Experimental CUDA kernel framework unifying typed dimensions, NVRTC JIT specialization, and ML‑guided tuning.

Overview

Spio is an experimental CUDA research playground that packages several forward-looking ideas for building next-generation GPU kernels: strongly typed tensor dimensions, pipeline-oriented code generation, and machine-learned performance models that steer NVRTC-compiled kernels at runtime.

Key Features

🔧 Typed Dimension System

Unlike “Named Tensors,” which attach string names to dimensions and validate them at run time, Spio uses Typed Dimensions: each dimension is a distinct C++ type generated at build time and checked at compile time.
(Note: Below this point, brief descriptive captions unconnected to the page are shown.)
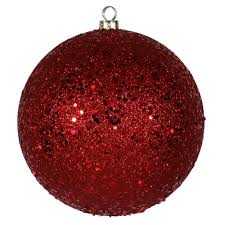 Red Holographic Glitter Shatterproof Christmas Ball Ornament Ornaments Christmas Ornaments Glitter Christmas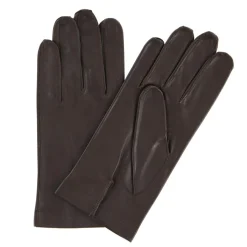 Homme Georges morand Gants, Moufles^Gants en Cuir d'Agneau non doublés marron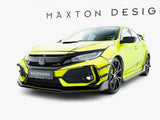Street PRO Front Splitter V.2 compatible with Honda Civic Type-R Mk10 / Mk10 Facelift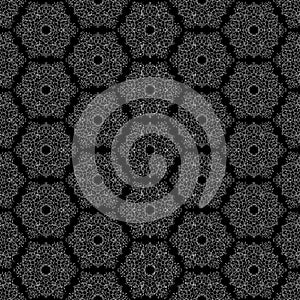 Sas Black and white seamless pattern beautiful design illustration artwork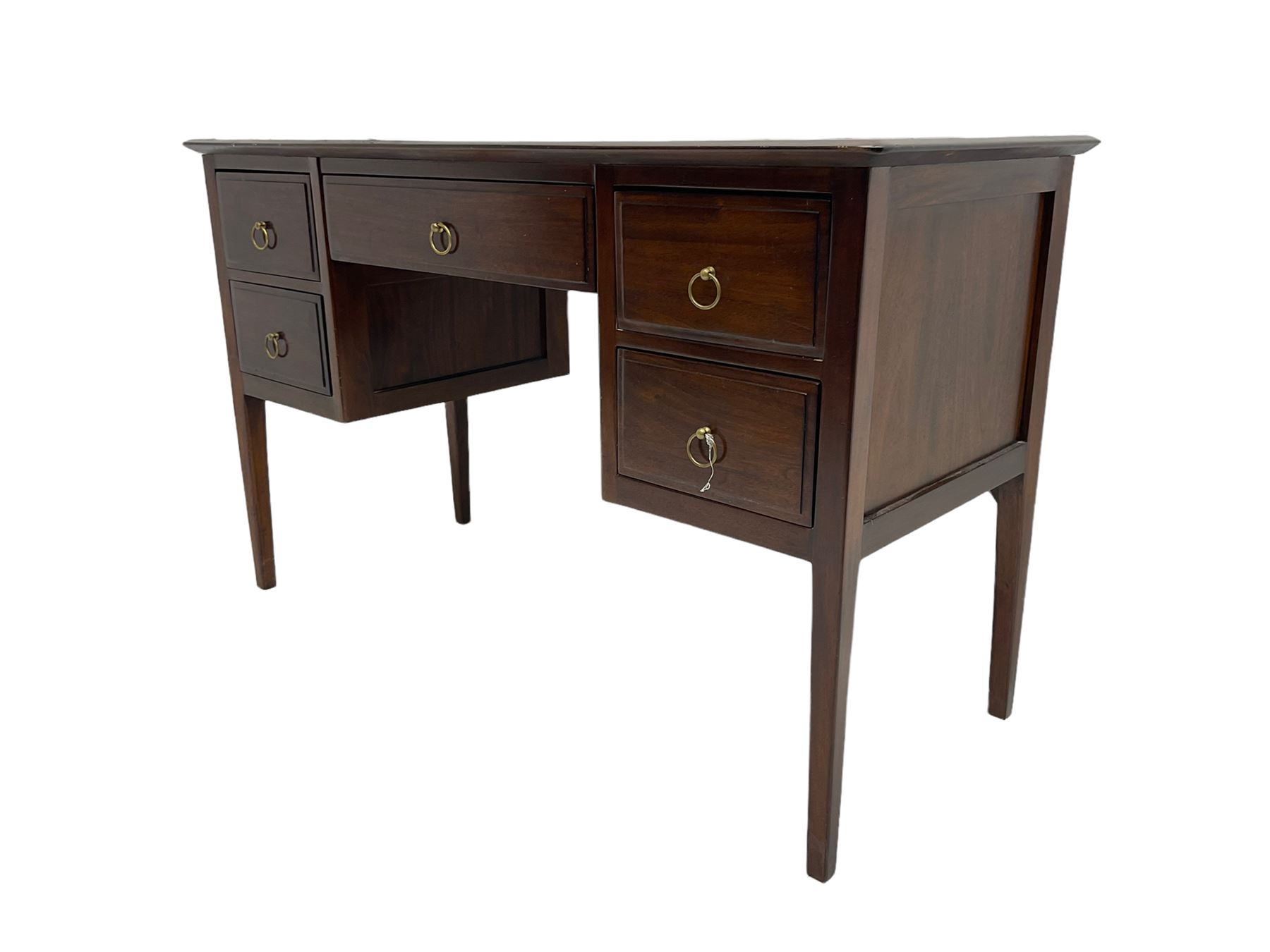 Hardwood kneehole dressing table or desk - Image 6 of 10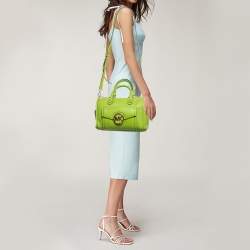 MICHAEL Michael Kors Lime Green Leather Medium Margo Satchel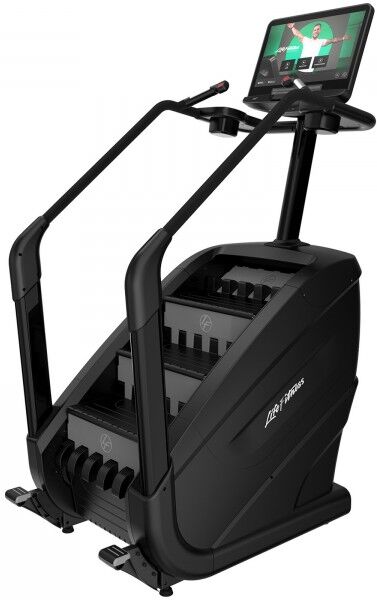 Life Fitness Integrity+ PowerMill Climber Black Onyx 24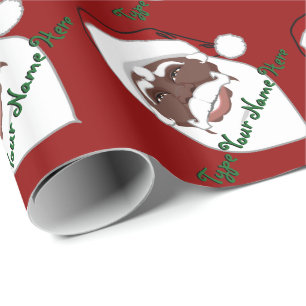Papier Cadeau Papier noir Père Noël papier papier de Noël person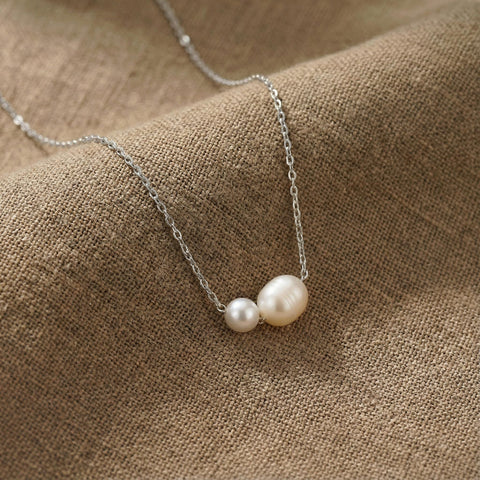 14K Gold Freshwater Pearl Necklace - 12-24 in M.0148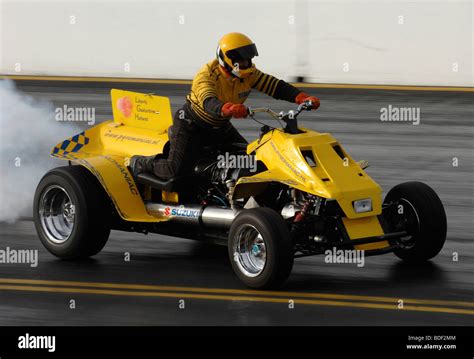 Jet Quad Bike On The Strip Stock Photo Alamy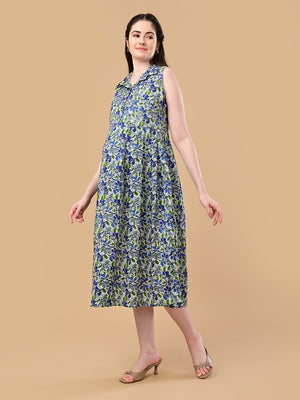 Rangriti Maternity and Nursing Dress - S Maternity Casual Dress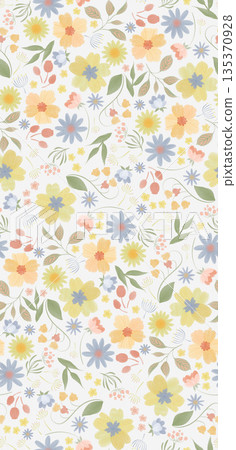 Collection Of Diverse Soft Colored Floral And Decorative Pattern Designs Collection Of Diverse Soft Colored Floral And Decorative Pattern Designs 135370928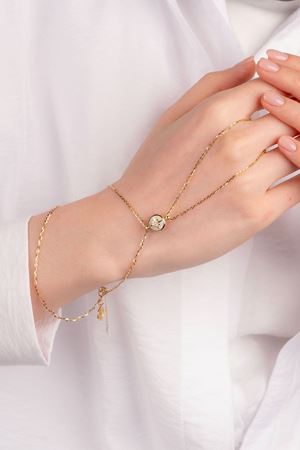 14 Ayar Altın Eterna Kutup Yıldızı Zincirli Şahmeran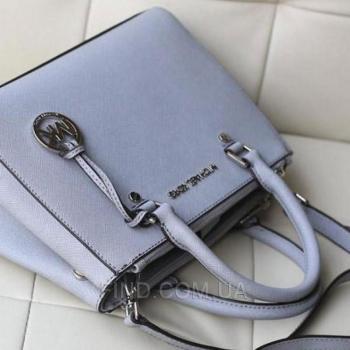 Женская сумка Michael Kors Medium Sutton Grey (5510) реплика
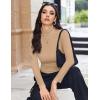 image:imageEkouaer Womens Turtleneck Long Sleeve Shirts Thermal Underwear Tops Basic Slim Fit Fall Fashion Lightweight TopKhaki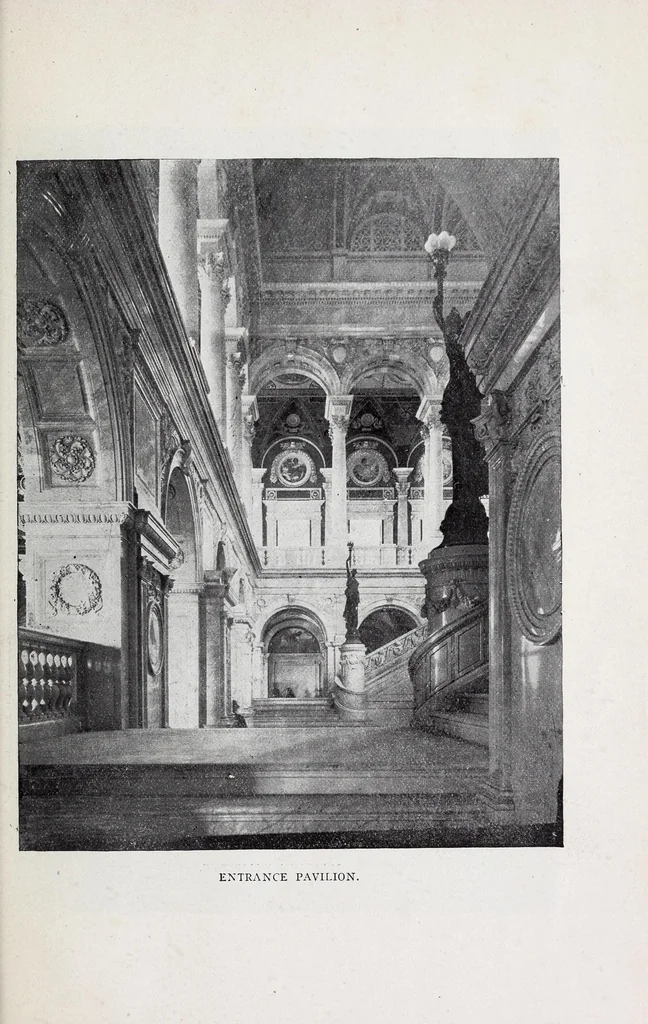 An illustration from A practical guide to the Library of Congress paintings : with 92 key pictures and other illustrations and the library quotations, 1903, leaf 47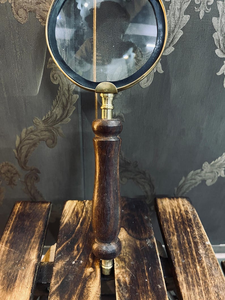 Loupe Métallique Antique Décoration Maritime Vintage 8,5 Pouces Loupe de Lecture Portative Accessoire de Bureau Nautique Classique pour la Maison - Product Image 3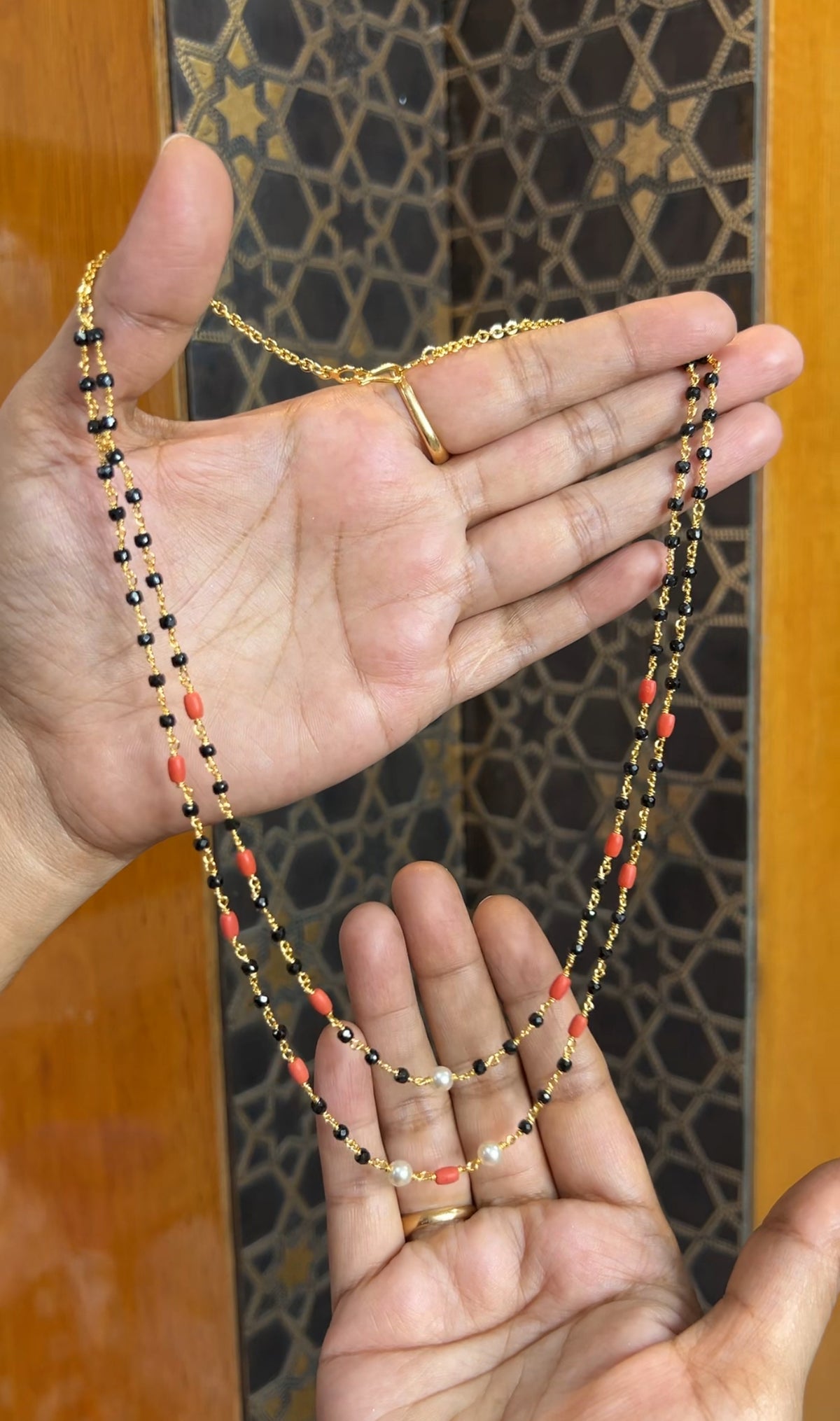 Black beads 16inches BB102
  • Named Tensors (strings, run-time):

    • Dimension identity is a string evaluated at run time
    • Errors surface during execution
    • Requires lookups and checks in hot paths
  • Typed Dimensions (types, compile-time):

    • Each logical dimension is a unique C++ type (e.g., I, J, K8)
    • Misuses fail to compile (zero run-time overhead)
    • Operator overloading maps types to per-tensor positions/strides

When the same dimension type appears in different tensors, it represents the same logical dimension; each tensor still defines its own size and stride for that dimension based on its layout. This enables position-free indexing—users don’t track index positions, sizes, or strides across tensors; the type system ensures correctness at compile time.

In practice, the generated tensor classes overload the indexing operator (e.g., operator[] and helpers like get<Dim>()) to accept dimension types. For each dimension type present in a tensor’s layout, the overload applies that tensor’s stride for that type; if a dimension type not used by the tensor is provided, the expression fails to compile (static_assert), with zero run-time name lookups or checks.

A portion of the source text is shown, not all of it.